Tourmaline Oil Corp
TSX:TOU

Watchlist Manager
Tourmaline Oil Corp Logo
Tourmaline Oil Corp
TSX:TOU
Watchlist
Price: 62.54 CAD -2.28% Market Closed
Market Cap: 23.2B CAD
Have any thoughts about
Tourmaline Oil Corp?
Write Note

Earnings Call Analysis

Summary
Q3-2024

Tourmaline Reports Strong Q3 Results with Growth Prospects for 2025

In Q3 2024, Tourmaline Oil achieved a net income of $355 million ($1.00 per share) and cash flow of $742 million, supported by improved production of 557,000 BOEs per day, an 11% increase year-over-year. The company anticipates Q4 production between 600,000 and 620,000 BOEs daily. A special dividend of $0.50 per share is set for November, contributing to an annual yield of 5%. For 2025, production is projected between 635,000 and 665,000 BOEs per day. Tourmaline aims for a capital budget of $2.6 to $2.85 billion and maintains a long-term debt target of $1.5 billion, ensuring financial flexibility amidst evolving market conditions.

Earnings Call Transcript

Earnings Call Transcript
2024-Q3

from 0
Operator

good morning, ladies and gentlemen, and welcome to the Tourmaline Q3 2024 Results Conference Call. [Operator Instructions] This call is being recorded on Thursday, November 7, 2024.

I would now like to turn the conference over to Scott Kirker. Please go ahead.

W
W. Kirker
executive

Thank you, operator, and welcome, everyone, to our discussion of Tourmaline's financial and operating results as of September 30, 2024, and for the 3 and 9 months ended September 30, 2024, and 2023. My name is Scott Kirker, I'm the Chief Legal Officer here at Tourmaline Oil.

Before we get started, I refer you to the advisories on forward-looking statements contained in the news release as well as the advisories contained in the Tourmaline Annual Information Form and our MD&A available on SEDAR and on our website. I also draw your attention to the material factors and assumptions in those advisories.

I'm here with Mike Rose, Tourmaline's President and Chief Executive Officer; Brian Robinson, our Chief Financial Officer; and Jamie Heard, Tourmaline's Vice President of Capital Markets. We'll start with Mike speaking to some of the highlights of the last quarter and our year so far. After Mike's remarks, we will be open for questions.

Go ahead, Mike.

M
Michael Rose
executive

Thanks, Scott. Good morning, everybody, and we're pleased to update on a very busy and successful quarter.

So a few of the highlights. Third quarter cash flow was $742 million or $2.09 per diluted share, and that was underpinned by average realized natural gas prices of CAD 3.19 per Mcf. Q3 net earnings were $355 million or $1 even per diluted share. We've declared a special dividend of $0.50 per common share to be paid on November 26 to holders of record on November 15. And thus far this year, we have distributed dividends of $3.25 per share that includes this special dividend.
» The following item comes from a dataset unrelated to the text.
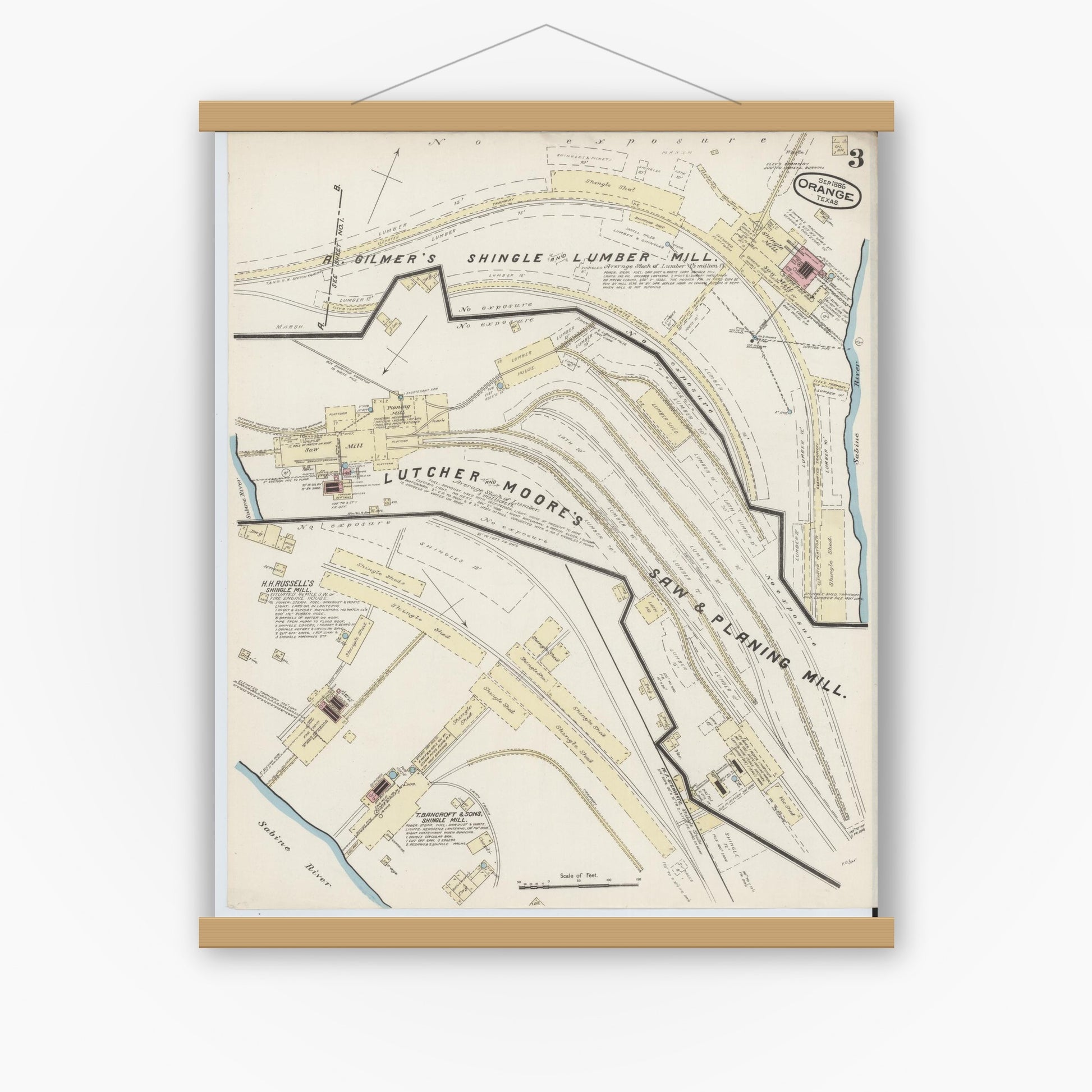 Old map wall art mockup — magnetic wood frame on white wall — Sanborn Fire Insurance Map from Orange, Orange County, Texas (1885), Sheet #0003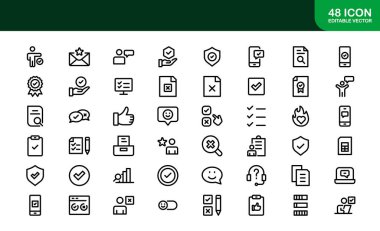 Premium Survey Simgeleri. Veri Toplama, Pazar Araştırması, Müşteri Geribildirimi ve Anket Uygulamaları için Temiz, Düzenlenebilir Vektörler.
And that's going back to December 1, 2023. So an implied 5% trailing yield.

During the quarter, we closed the previously announced transaction with Topaz Energy Corp. during this quarter, and we received $278 million of proceeds. We closed the corporate acquisition of Crew Energy on October 1, and we're very excited about those assets. And as we outlined in the release, Deep Basin well productivity so far in 2024 is the best we've seen in the last 5 years.

Looking at production. Q3 '24 average production was a little over 557,000 BOEs a day. That's an 11% increase over Q3 '23 and at the high end of our previously announced average production guidance for Q3 of 550,000 to 560,000 BOEs per day. And third quarter production was reduced by unplanned third-party outages, and we quantified that, as well as low gas price-related frac and production start-up deferrals by the company.

Fourth quarter average production of between 600,000 and 620,000 BOEs a day is currently anticipated. Given the low pricing environment, we scheduled and have now completed an extensive turnaround of both phases of our large Gundy C-60-A gas plant complex. And we've also concentrated frac activity into the latter half of this quarter so that unhedged gas volumes come for exit in Q1 of 2025, where we're expecting higher pricing than we have today.

We expect to exit with very strong production levels of between 630,000 and 640,000 BOEs per day, and we're right on track for that. We anticipate '25 average production, we're using a range of between 635,000 and 665,000 BOEs a day, at 650,000 BOEs per day at the midpoint. And that range allows for both price-related EP activity deferrals or shut-ins in the event of lower-than-anticipated '25 nat gas prices. And conversely, if stronger prices materialize, then we can increase EP activity. And it will all be within that range that we outlined.

'25 forecast average liquids production is 162,000 barrels per day. So that's up a little bit from what we were expecting before. And we're slowly migrating our way to that 200,000 barrel per day level by the end of this decade.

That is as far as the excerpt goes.